Pour un enfant, savoir maitriser ses émotions, favorise la réussite !
(voir article « le QI est mort, vive le QE« . J’y explique que l’intelligence émotionnelle est un meilleur prédicteur de réussite que l’intelligence mesurée par le QI)
L’intelligence émotionnelle est un concept qui englobe la conscience, la compréhension ainsi que la capacité à exprimer et à gérer ses propres émotions autant que celles des autres.
Lorsque les émotions sont fortes, les gens font et disent des choses qu’ils ne feraient pas normalement. Des choses pas forcément logiques. L’émotion prend parfois le dessus sur la raison.
Chez un jeune enfant, l’émotion gagne toujours sur la raison !
En effet, les parties du cerveau qui contrôlent les émotions sont quasiment toutes fonctionnelles dès la naissance. Mais le cortex préfrontal, qui régule les émotions et rationalise, ne l’est pas. Et en plus, il met du temps à se développer puisqu’il atteint sa maturité à plus de 20 ans.
Demander à un enfant de contrôler ses émotions comme le ferait un adulte est impossible. Cette capacité se construit petit à petit. Ça prend du temps, mais ça s’apprend !
Comment les parents peuvent-ils aider leurs enfants à développer leur intelligence émotionnelle ?
Maitriser ses émotions
La régulation des émotions est la capacité à maitriser l’expression de ses émotions. C’est une composante importante de l’intelligence émotionnelle. Cette compétence n’est pas innée. C’est avec la pratique que les enfants améliorent progressivement leur capacité de régulation émotionnelle.
À l’âge de quatre ans, la plupart des enfants commencent à utiliser des stratégies pour éliminer les stimuli externes dérangeants. En d’autres termes, ils se couvrent les yeux lorsqu’ils ont peur et se bouchent les oreilles lorsqu’ils entendent un bruit fort.
Ce n’est qu’à l’âge de 10 ans que les enfants commencent réellement à réguler leurs émotions. Les stratégies utilisées peuvent être divisées en deux catégories. Celles qui tentent de résoudre le problème et celles qui tentent de gérer l’émotion.

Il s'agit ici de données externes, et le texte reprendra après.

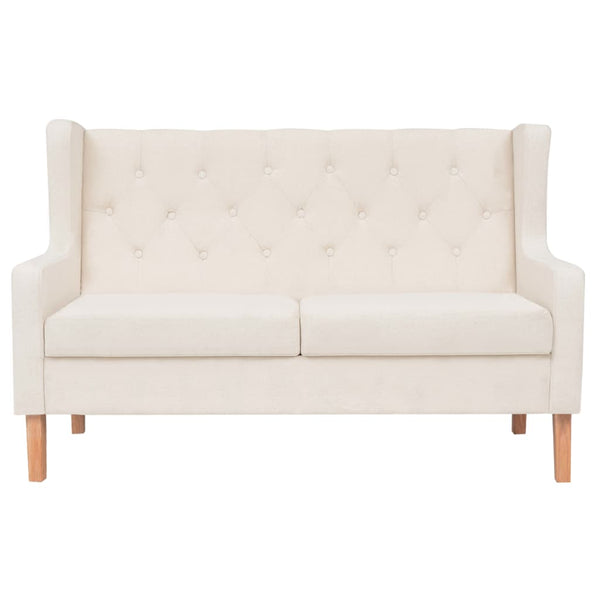 vidaXL 2-Seater Sofa Fabric Cream White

En effet, lorsqu’un enfant peut apporter un changement dans son environnement pour changer la situation qui pose problème, il s’engage dans une démarche d’adaptation centrée sur le problème. Il identifie le problème et élabore un plan pour y faire face. Mais, lorsqu’il n’a pas de solution, il s’engage plutôt dans une démarche de gestion de l’émotion. Pour cela, il s’efforce de la tolérer et de la contrôler.

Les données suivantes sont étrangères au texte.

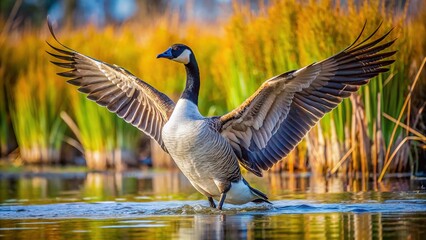 Aggressive Canada goose with feathers ruffled, beak open, and wings spread, defending territory, standing alone in a serene natural wetland environment during spring.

Pourquoi développer l’intelligence émotionnelle ?
Alors que tout le monde se focalise sur les résultats scolaires, on néglige le développement de l’intelligence émotionnelle et notamment de l’autorégulation émotionnelle. C’est une erreur ! Les programmes scolaires sont focalisés sur le développement des intelligences logico-mathématique et linguistique.
Or les recherches montrent que l’intelligence émotionnelle est un prédicteur deux fois plus fort que le QI de réussite ultérieure. Cela veut dire que les enfants qui réussissent le mieux dans la vie, professionnellement mais aussi dans leur vie privée, sont ceux qui ont développé le plus leur capacité à réguler leurs émotions.

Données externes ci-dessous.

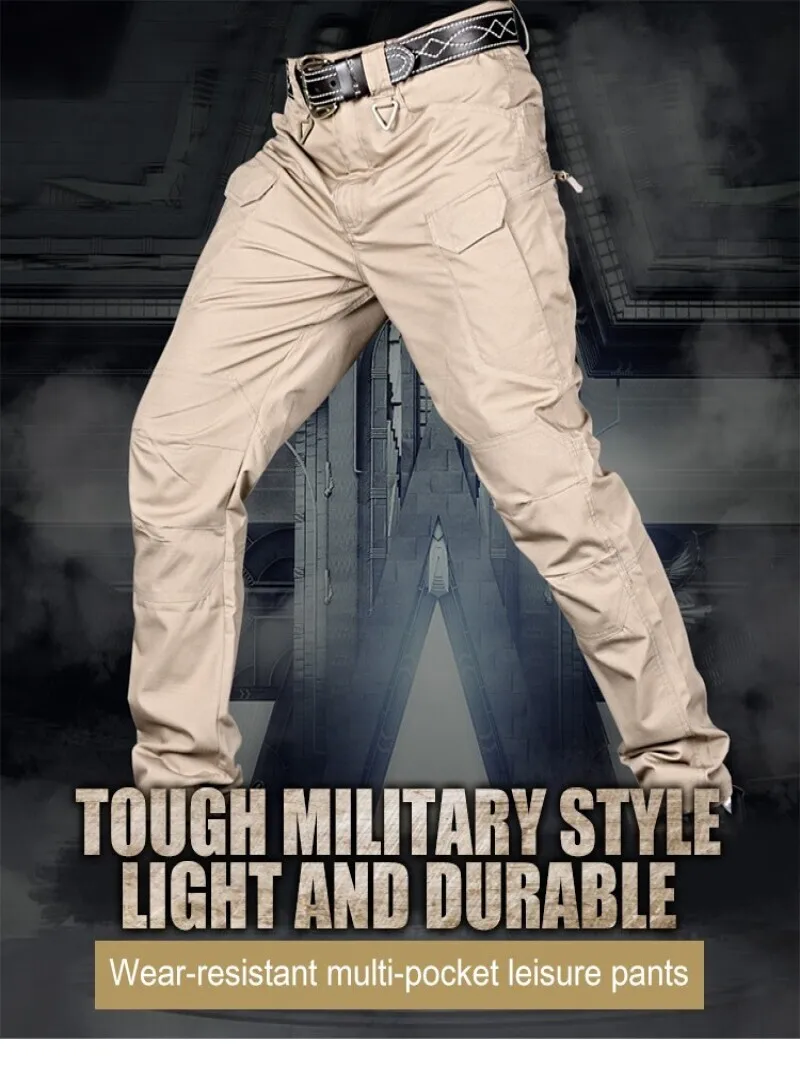 Pantalones de entrenamiento de combate elásticos para hombre, pantalones Cargo informales ligeros resistentes al desgaste, pantalones deportivos multibolsillo para senderismo al aire libre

Maitriser ses émotions, un élément de l’intelligence émotionnelle, est particulièrement importante pour prédire la réussite scolaire. Effectivement, les enfants qui sont capables d’inhiber leurs impulsions (souvent motivées par les émotions) et d’éviter les distractions sont capables d’adopter de bons comportements et d’atteindre leurs objectifs.
Une étude scientifique particulièrement puissante a testé la maitrise des émotions chez les enfants d’âge scolaire. Ensuite, on a mené un suivi de ses enfants dans la trentaine. L’étude a démontré que la maîtrise de soi dans l’enfance permettait de mieux prédire la réussite que le QI, le statut socio-économique ou l’environnement familial. Les enfants qui avaient une bonne maîtrise de leurs émotions devenaient des adultes en meilleure santé, qui avaient de meilleurs revenus et étaient moins susceptibles d’avoir des problèmes judiciaires ou des addictions.
Réguler n’est pas refouler
Une petite précision importante : réguler ou maitriser ses émotions ne consiste pas à les refouler et se changer les idées. Gérer ses ressentis émotionnels est un processus plus complexe. Il faut accepter et comprendre ce qu’il se passe puis identifier le besoin et enfin trouver une stratégie pour satisfaire ce besoin.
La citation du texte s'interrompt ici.